Care costs are added on top of base spending for the active years.
Editing and disabling events
Select any event in the list to edit its details. Changes take effect when you re-run the simulation.
You can disable any event without deleting it. This is useful for testing what the projection looks like without a particular event — for example, removing a care cost assumption temporarily to see the difference.
Modelling spending phases
Retirement is not a single uniform period. Most people spend more in their active early years, less as activity slows, and may face care costs later. Using multiple spending events with different date ranges produces a more realistic projection than a single fixed annual amount.

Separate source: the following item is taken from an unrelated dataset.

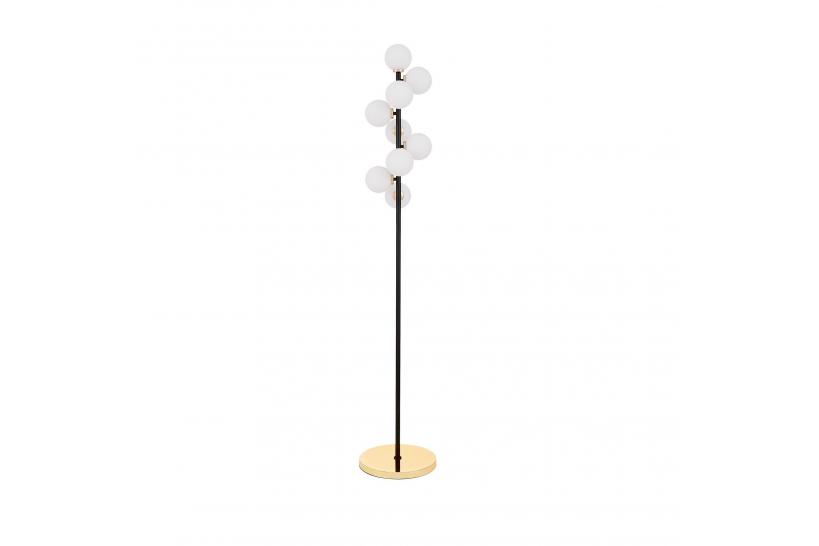 piantana palle bianche vetro oro nera PETRICA W9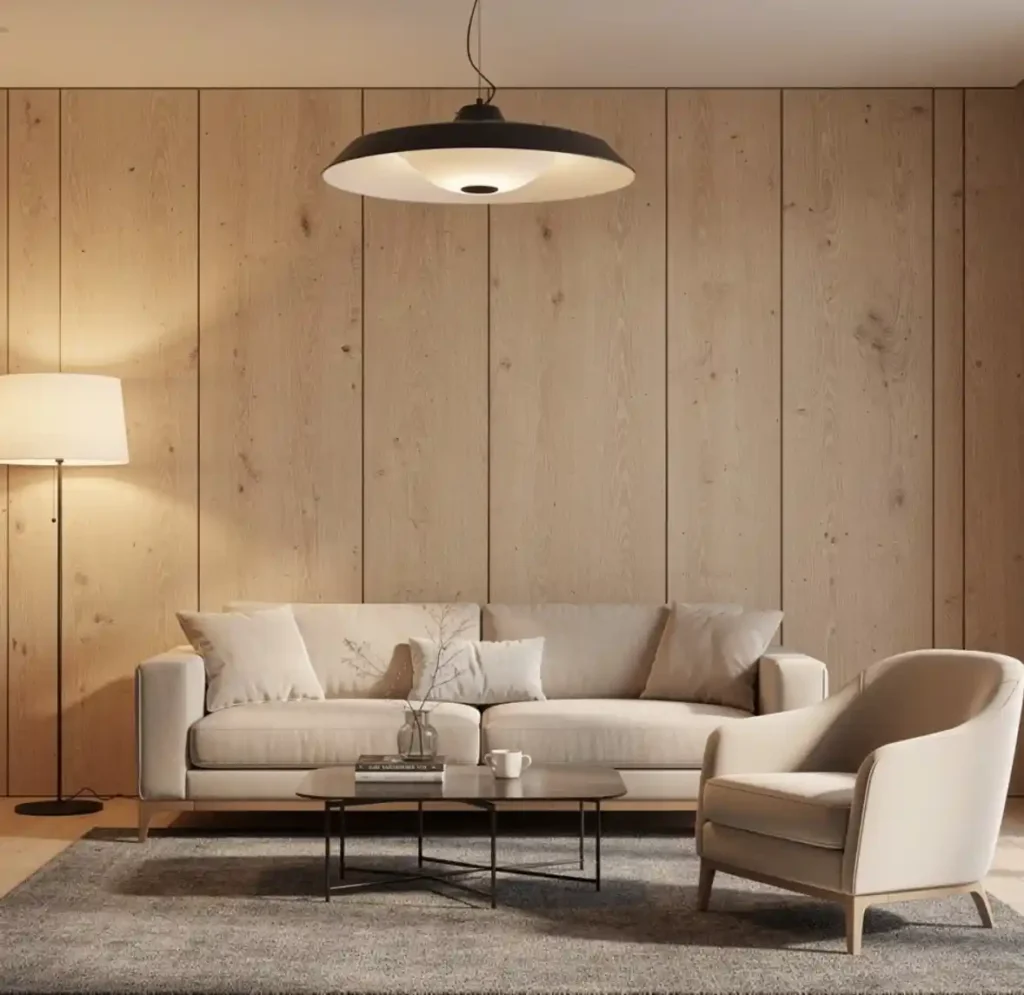 2-Creative Living Room Wall Idea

A common pattern is three spending events covering the broad phases of retirement:
Go-Go phase (early retirement): Typically from your retirement date through the late 60s or early 70s. An active period of travel, hobbies, and leisure — spending is often at its peak or close to working-life levels.
Slow-Go phase (middle retirement): Through the 70s into the early 80s. Activity moderates, discretionary spending declines. Research consistently finds that real spending falls through this phase, even as inflation keeps nominal amounts rising.
No-Go phase (later retirement): Later years with reduced mobility. Basic costs remain, but discretionary spending is substantially lower. This phase may also see care costs emerge — residential or home care can cost £30,000 to £60,000+ per year, which can partially or fully offset the reduction in lifestyle spending.
To model these phases in FutureClear:
- Add a SPENDING event for Go-Go years: e.g., age 62–76, £35,000/year, escalating with CPI
- Add a SPENDING event for Slow-Go years: e.g., age 77–85, £25,000/year, escalating with CPI
- Add a SPENDING event for No-Go years: e.g., age 86–90, £18,000/year, escalating with CPI
- Optionally add a CARE_COSTS event for a specific window of care need
The number of phases and the specific transition ages are entirely your choice. The model runs whatever events you configure.
Many retirement calculators use a single fixed annual spending figure. This approach can significantly distort the projection — it overstates spending in later years and misses the interaction between high early spending and long-term fund sustainability.
Events generated from assets
Some events are generated automatically from your asset register:
- Employment income from an employment asset.
- Rental income from a buy-to-let property.
- DB pension income from a defined benefit pension asset.
- State Pension income from a State Pension asset.
These events are labelled with the source asset name and cannot be edited directly. To change them, update the underlying asset configuration.